The Retirees' Newsletter

The Retirees's Association ( Faculty, Librarian, Administrator), University of Windsor, Windsor, Ont. Canada

Vol X , No. 5, December 2000


Association News

PENSION (cont'd from p.6)

This is so because, as our scribe tells us, his monthly MGB cheque (and all MGB cheques) include a "subsidy" (some prefer to call it a supplement) paid by the University. The subsidy is necessary to top up his Money Purchase Pension, in order to ensure that he will receive his Minimum Guaranteed Benefit. He doesn't tell us why such a gap might exist in the first place, so let's look further.

Retirees recall all those pension deductions from payroll over the years, with the University throwing in matching amounts, and the total going into the Pension Fund in the individual person's name. Upon retirement, and in every pension year thereafter, each retiree's MPP is individually calculated; and the resulting MPP levels reflect how much was contributed to the fund in each person's name, along with the return which was earned on its investment.

Thus, in every pension year, every retiree has a Money Purchase Pension in his or her name, and every retiree receives that Money Purchase Pension in full each month. Some, as in the case of our Scribe in Verse 1, need to have that MPP topped up... How so? Why the topping up? And how much?

Here, re-enter the Minimum Guaranteed Benefit. A second calculation is made in every pension year, for every retiree. Most of us, long ago, knew the MGB formula by heart: years of service times an average salary, times etcetera. That calculation has nothing to do with the Pension Fund; rather it establishes a level below which your Money Purchase Pension will not be allowed to fall without its being "topped up" to the Minimum Guaranteed level, as we've seen happening in the case of Scribe One.

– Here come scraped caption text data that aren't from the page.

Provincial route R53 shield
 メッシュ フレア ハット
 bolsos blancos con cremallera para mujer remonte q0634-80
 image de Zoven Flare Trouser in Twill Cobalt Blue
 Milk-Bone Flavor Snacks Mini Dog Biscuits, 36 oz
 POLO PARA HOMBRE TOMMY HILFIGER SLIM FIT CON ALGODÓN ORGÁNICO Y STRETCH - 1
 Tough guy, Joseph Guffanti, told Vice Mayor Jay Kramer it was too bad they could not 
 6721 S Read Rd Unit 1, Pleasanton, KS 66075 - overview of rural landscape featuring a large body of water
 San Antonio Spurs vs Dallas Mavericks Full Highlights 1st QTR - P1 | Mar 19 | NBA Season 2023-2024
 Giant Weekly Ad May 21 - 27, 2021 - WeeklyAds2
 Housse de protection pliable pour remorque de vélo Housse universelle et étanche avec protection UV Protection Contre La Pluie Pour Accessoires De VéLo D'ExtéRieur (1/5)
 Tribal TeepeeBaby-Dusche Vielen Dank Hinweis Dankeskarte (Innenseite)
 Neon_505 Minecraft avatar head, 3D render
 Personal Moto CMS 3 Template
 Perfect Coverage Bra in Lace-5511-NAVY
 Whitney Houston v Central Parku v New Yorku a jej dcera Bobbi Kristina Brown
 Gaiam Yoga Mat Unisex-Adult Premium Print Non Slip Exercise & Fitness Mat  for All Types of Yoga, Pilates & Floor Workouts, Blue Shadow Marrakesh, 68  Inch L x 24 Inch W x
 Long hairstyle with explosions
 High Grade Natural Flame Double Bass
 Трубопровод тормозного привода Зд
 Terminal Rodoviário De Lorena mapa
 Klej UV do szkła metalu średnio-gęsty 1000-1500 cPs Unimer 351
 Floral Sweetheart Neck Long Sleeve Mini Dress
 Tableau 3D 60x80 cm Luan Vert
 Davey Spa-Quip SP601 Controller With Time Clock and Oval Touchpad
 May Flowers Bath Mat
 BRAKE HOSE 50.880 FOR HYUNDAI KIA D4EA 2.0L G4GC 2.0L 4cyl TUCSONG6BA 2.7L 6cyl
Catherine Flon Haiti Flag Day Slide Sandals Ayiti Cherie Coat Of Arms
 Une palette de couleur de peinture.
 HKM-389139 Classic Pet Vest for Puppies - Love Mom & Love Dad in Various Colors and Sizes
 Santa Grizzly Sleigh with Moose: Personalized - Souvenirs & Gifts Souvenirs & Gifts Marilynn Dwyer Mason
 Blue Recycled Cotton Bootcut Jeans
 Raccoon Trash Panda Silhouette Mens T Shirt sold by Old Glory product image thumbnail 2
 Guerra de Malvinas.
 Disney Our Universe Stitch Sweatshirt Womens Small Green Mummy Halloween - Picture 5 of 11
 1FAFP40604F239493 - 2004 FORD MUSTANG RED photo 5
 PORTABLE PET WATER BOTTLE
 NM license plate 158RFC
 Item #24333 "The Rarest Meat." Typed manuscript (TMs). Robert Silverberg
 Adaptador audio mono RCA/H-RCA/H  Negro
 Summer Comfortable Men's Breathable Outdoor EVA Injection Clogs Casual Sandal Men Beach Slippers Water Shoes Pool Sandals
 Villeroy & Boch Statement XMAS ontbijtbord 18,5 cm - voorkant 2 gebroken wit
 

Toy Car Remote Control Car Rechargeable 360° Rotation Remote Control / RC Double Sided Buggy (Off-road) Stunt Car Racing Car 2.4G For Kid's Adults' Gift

Our Scribe One clearly cherishes his "subsidy", even though he knows it will disappear if, as and when his MPP eventually overtakes his MGB. Until that time, however, he can bask in the satisfaction that, temporarily at least, he's getting more out of the system than he has put into it.

Best of all for Scribe One - when his subsidy finally does disappear, he will be able to climb aboard his new Money Purchase Pension and ride it through to who-knows-what dizzying heights. Which brings us to Verse Two.

ON VERSE TWO

Here Scribe Two breathes the bracing air of the Money Purchase Pension, unimpeded by any intrusions of MGB. His pension being propelled frequently upward by market forces, and unexpectedly downward at times, reflecting the earnings of the Fund in the preceding year, he experiences what he calls a constant roller-coaster ride.

Plaintively, our Scribe points out that this annoying aspect of the good life might be brought under a little control by some type of four-year averaging of the MPP. He might be interested to know that some six years ago, the Retirees' Association made strong representations to the Faculty Association and the University, pointing out "that four-year averaging would eliminate the severe changes in either direction without affecting the total increase". These wise counsels, alas, went unheeded at that time; but they might well be renewed now.

Perhaps the last four lines of Verse Two are closest to the spirit of our pension. Nowhere are we free from the instability of the market economy. But Scribe Two reminds us again of the comfort all of us can draw as retirees, from the knowledge that the MGB safety net is always there!